Overview, Causes, & Risk Factors

Stomach cancer is cancer that begins in the stomach. Men are affected more than women.

What is going on in the body?

Stomach cancer usually arises from cells that line the inside of the stomach. A cell will undergo changes that cause it to become cancerous. It will begin to grow and multiply uncontrollably. The cancer cells will form a tumor. The tumor will invade and destroy tissues around it as it grows. Eventually it can penetrate through the wall of the stomach and spread to structures around the stomach. Cancer cells can also break off from the tumor and enter the blood stream. These cells will form new tumors in other parts of the body, a process known as metastasis.

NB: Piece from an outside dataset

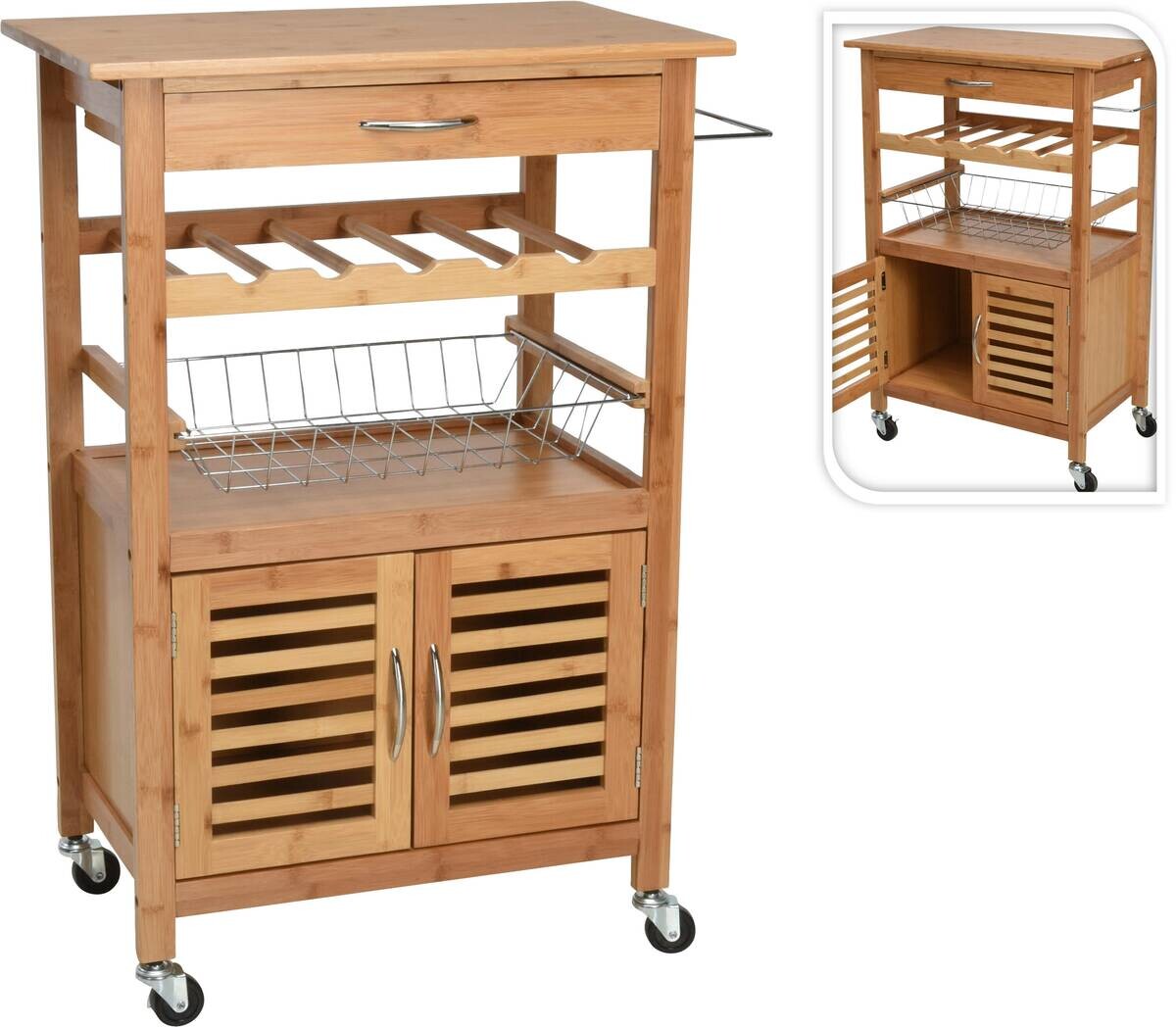 Küchentrolley mehrfarbig Bambus B/H/L: ca. 38x19,5x90 cm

What are the causes and risks of the disease?

No one knows the precise reason why this cancer occurs. People from Japan are at higher risk than people from other areas. Risk decreases when people at risk move to areas of lower risk. This may be due to changes in diet, but this has not been proven. Cancer of the stomach is higher among people who smoke and consume alcohol than in those who do not.

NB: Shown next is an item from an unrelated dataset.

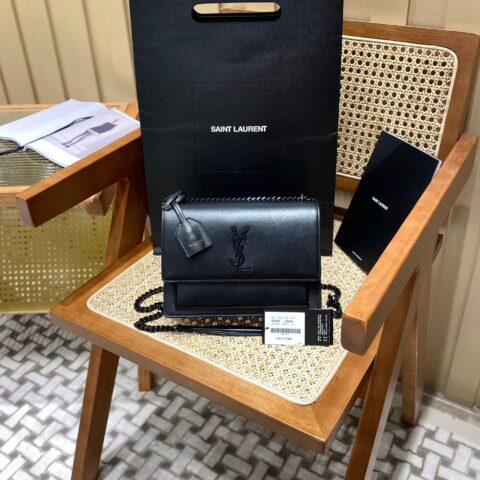 YSL Sunset 22CM 牙签纹日落包 442906黑色黑扣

Risk factors for stomach cancer include:

  • family history
  • type A blood
  • lack of stomach acid
  • low socioeconomic status
  • low consumption of fruits and vegetables
  • consumption of salted, smoked, or poorly preserved food
  • cigarette smoking
  • increased age
  • certain ethnic groups

  • Symptoms & Signs

    What are the signs and symptoms of the disease?

    Because the symptoms are vague and often ignored, stomach cancer can grow in the stomach for a long time before it is detected. The most common symptom is unexplained weight loss. People may complain of an uneasy sense of fullness, stomach heaviness, or distention. A person may also have chronic nausea and pain in the middle of the abdomen. These symptoms indicate advanced disease. Most stomach cancers are found in the advanced stage.


    Diagnosis & Tests

    How is the disease diagnosed?

    Usually, a person sees a healthcare provider because of a symptom such as weight loss and nausea. The provider will take an in-depth history, which includes a nutritional assessment. The first test may be an x-ray of the stomach called an upper gastrointestinal exam, or upper GI. Depending on the results of the upper GI, the next part of the evaluation will be a flexible gastroscopy in which a tiny tube with a light is passed into the stomach. This allows the physician to look at the walls of the stomach. If any of the tissue looks unusual, a biopsy will be done to remove a piece to determine if it is cancer.

    If cancer is confirmed, other tests will be done to determine the extent of the disease. These tests include CT scans and other specialized x-rays. Tumor markers, or chemical markers produced by tumors, are not useful in diagnosing early stage stomach cancer but may be useful to track the cancer after surgery.


    Prevention & Expectations

    What can be done to prevent the disease?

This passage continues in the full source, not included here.